The following methods relate to PSI Traceability -- Mainly to the United States National Standardization Authority -- The NATIONAL INSTITUTE OF STANDARDS AND TECHNOLOGY (NIST).

1. Calibration of metrology tools and measurement instruments, using NIST Standard Reference Material (SRM).

2. Measurements and certification using NIST methods and same apparatus.

3. Measurement and analysis using well-established, scientific FIRST PRINCIPLES, and CONSTANTS OF NATURE.

4. Artifacts submitted to NIST for calibration and certification by their laboratories.

5. Calibration in accordance with INDUSTRY STANDARDS, implying a rigorous adherence to industry standard methods, practices, procedures and definitions, such as ASTM or ANSI/NCSL Z540.1 methods.

This method provides what is defined as a “consensus traceability” through the rigorous application of test and measurement methods.
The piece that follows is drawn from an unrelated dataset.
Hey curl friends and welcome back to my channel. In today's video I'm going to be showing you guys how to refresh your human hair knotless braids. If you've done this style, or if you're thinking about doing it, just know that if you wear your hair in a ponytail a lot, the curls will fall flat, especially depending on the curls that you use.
These protocols and methodology have been developed by expert groups, and subjected to inter-laboratory comparisons and statistical analysis.
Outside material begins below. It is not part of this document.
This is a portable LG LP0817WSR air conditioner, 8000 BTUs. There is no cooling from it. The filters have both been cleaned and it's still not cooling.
Most often, new SRM are developed in this way, such as ultra thin film thickness standards and nitride standards.

By far, the most understood method is Method 1, in which a laboratory acquires SRM from NIST or another internationally recognized authority, and uses these as primary standards for the calibration of instruments.

PSI Film thickness standards are most frequently rendered traceable via a combination of at least 4 of the above methods. PSI uses NIST SRM material to calibrate and monitor internal metrology equipment, which in turn is used in measuring and establishing “secondary standards”. In addition PSI Standards is ISO/IEC 17025 Accredited by NVLAP/NIST, and is a nationally recognized calibration laboratory. Lab code: 200669-0.
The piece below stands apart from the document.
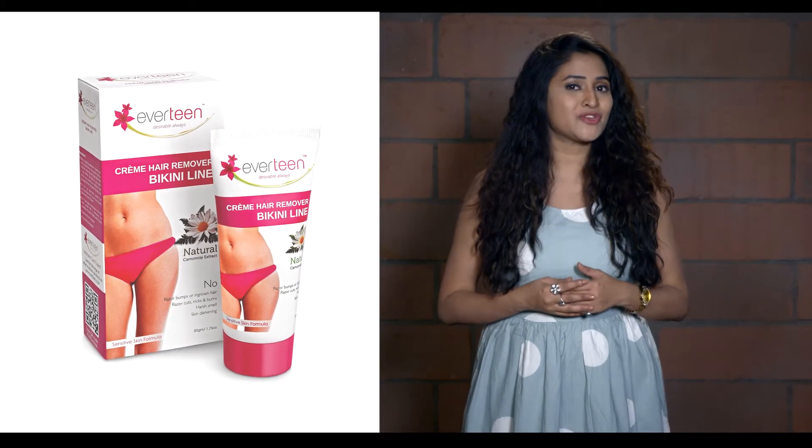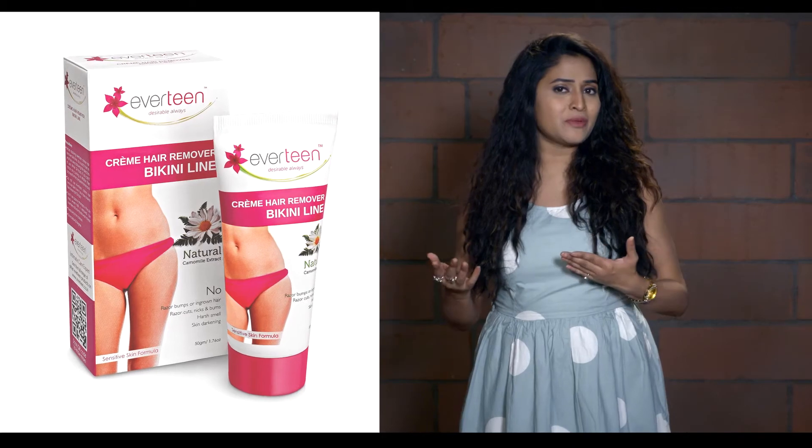So treat your sensitive bikini area with care. Graduate to Everteen Cream Hair Remover Bikini Line — the specialist of bikini line hair.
Ellipsometry is by far the most reliable and accurate measurement technique for producing secondary standards for various reasons:

1. It is the technique used by NIST to create and develop a film thickness SRM. A research grade ellipsometer can be easily configured to reproduce the exact measurement conditions of NIST (AOI -- or Angle of Incidence -- and wavelength), with comparable accuracy and precision.

2. The measurement of the changes in polarization state-of-light (Delta and Psi) are straight forward, and directly comparable to those of NIST.

3. The calibration of the instrument and measurements are based on Scientific First Principle – the fundamental properties of light.

4. The calculations of the derived values are based upon the same mathematical model that is used by NIST.

5. The nominal values of the standards manufactured by PSI are selected to ensure that the Delta and Psi values are as close to identical as those of the SRMs manufactured by NIST. This ensures that the nominal thickness and index values are the same as –or multiples of – the primary standards issued by NIST.

6. The conceptual and mathematical models used to convert the measured values to useful, physical data are the same as the ones mandated by NIST.

The physical standards made by PSI Standards are manufactured from identical or superior materials, in identical or superior conditions, as are the ones produced by NIST - thermally grown Silicon Dioxide or LPCVD Silicon Nitride on Prime grade P type <100> Silicon wafers, in a sub “Class 10” Semiconductor Fab.